Anfängliche Liberalisierungstendenzen fanden Mitte der 70er Jahre bereits wieder ihr Ende, bis 1976 mit der Ausbürgerung des Liedermachers und Lyrikers Wolf Biermann ein neues Statut errichtet werden sollte. In diesem Jahr wurde ihm eine Konzertreise durch Westdeutschland genehmigt. Sein Lied „Ich möchte am liebsten weg sein und bleibe am liebsten hier“ stand beispielhaft für die innere Zerrissenheit des Liedermachers. Biermann wollte die Zustände in der DDR nicht beschönigen, allerdings musste er aufpassen nicht zu kritisch zu werden, um möglichen Bestrafungen aus dem Weg zu gehen. Doch die DDR hatte seine Ausbürgerung bereits beschlossen. Grund für seine Ausbürgerung war die angebliche grobe Verletzung der staatsbürgerlichen Pflichten. Biermann wurde zum Staatsfeind erklärt. Die Ausbürgerung sollte still und heimlich von statten gehen. Doch entgegen der Erwartungen der DDR löste die Ausbürgerung Biermanns landesweite Proteste in Ost- und Westdeutschland aus. Vor allem der Künstlerprotest gewann die Aufmerksamkeit der DDR-Offiziere. Sie hatten eine Petition eingerichtet und zahlreiche, namenhafte Unterschriften gesammelt.

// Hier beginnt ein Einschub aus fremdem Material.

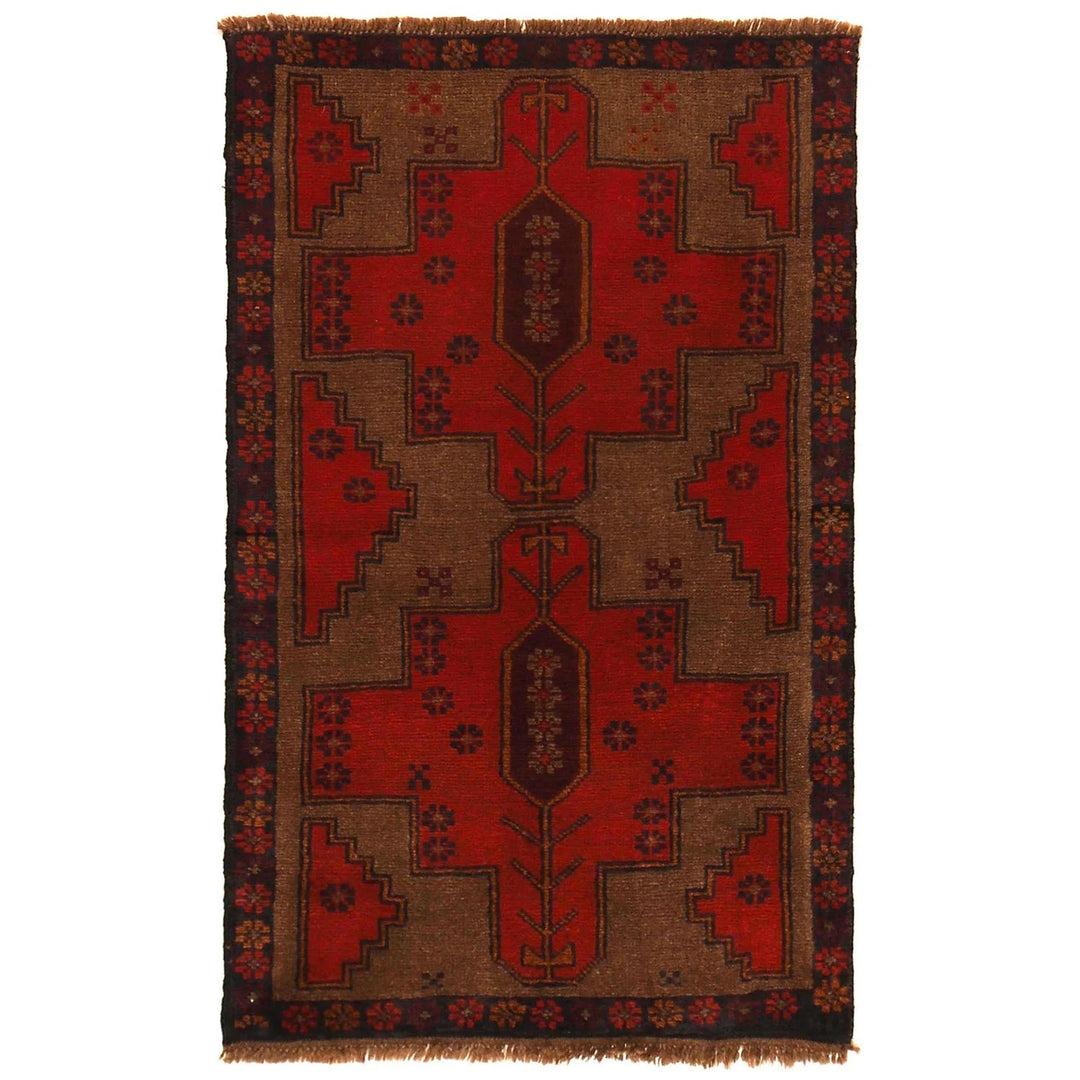 Afghan Baluchi Rug 2' 9" x 4' 6" Hand-Knotted | No. AL54407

Die Folgen der Ausbürgerung
Die Sprache der SED gegenüber DDR-Kritikern wurde schärfer und so unterlagen jene, die ihre Unterschrift nicht zurückzogen Schikanen durch Offiziere. Bis zu 350 Künstler verließen bis 1986 die DDR, was sich im gesellschaftlichen Leben bemerkbar machte. Mit diesem Statut erreichte die SED entgegen ihres ursprünglichen Zieles, dass immer mehr DDR-Bürger ihre Kritik öffentlich äußerten, sowie dass Biermann erst nach seiner Ausbürgerung zu Ruhm gelang. Die stärksten Proteste trugen sich in Ost-Berlin zu. Aber auch der Jenaer Wiederstand war nicht zu unterschätzen. Große Namen, die sich an der Petition beteiligten waren Christoph Rohr, Oskar Büsewitz oder Doris Liebermann, die als Gesprächspartnerin in der anschließenden Podiumsdiskussion ihre Erlebnisse schilderte. Moderiert wurde das Gespräch von Dr. Christoph Witzel. Doris Liebermann war maßgeblich am Jenaer Wiederstand beteiligt und wurde aufgrund ihrer öffentlichen Unterstützung Biermanns aus Ostdeutschland ausgewiesen. Später wurde ihr sogar die Einreise in die Tschechoslowakei verweigert. Grundlage ihrer oppositionellen Haltung war die Abgeschiedenheit der DDR und die fehlende politische und gesellschaftliche Freiheit. Wasja Götze hingegen, wie Biermann Liedermacher, war trotz seiner Unterschrift auf der Petition keinen Repressalien ausgesetzt. Er vermutet, dass die DDR ihm damals keinen Schauprozess gewähren wollte, um zu verhindern, dass es zu weiteren Protesten kommt. Die DDR versuchte auf eine andere Art und Weise Götze in seine Schranken zu weisen. Wasja Götze erzählte im Gespräch darüber, wie ihm ein Angebot gemacht, beziehungsweise gedroht wurde, innerhalb von 14 Tagen die DDR zu verlassen. Götze schlug diesen Vorschlag aus und sah es als seine patriotische Pflicht, diesen Akt der Willkür nicht geschehen zu lassen.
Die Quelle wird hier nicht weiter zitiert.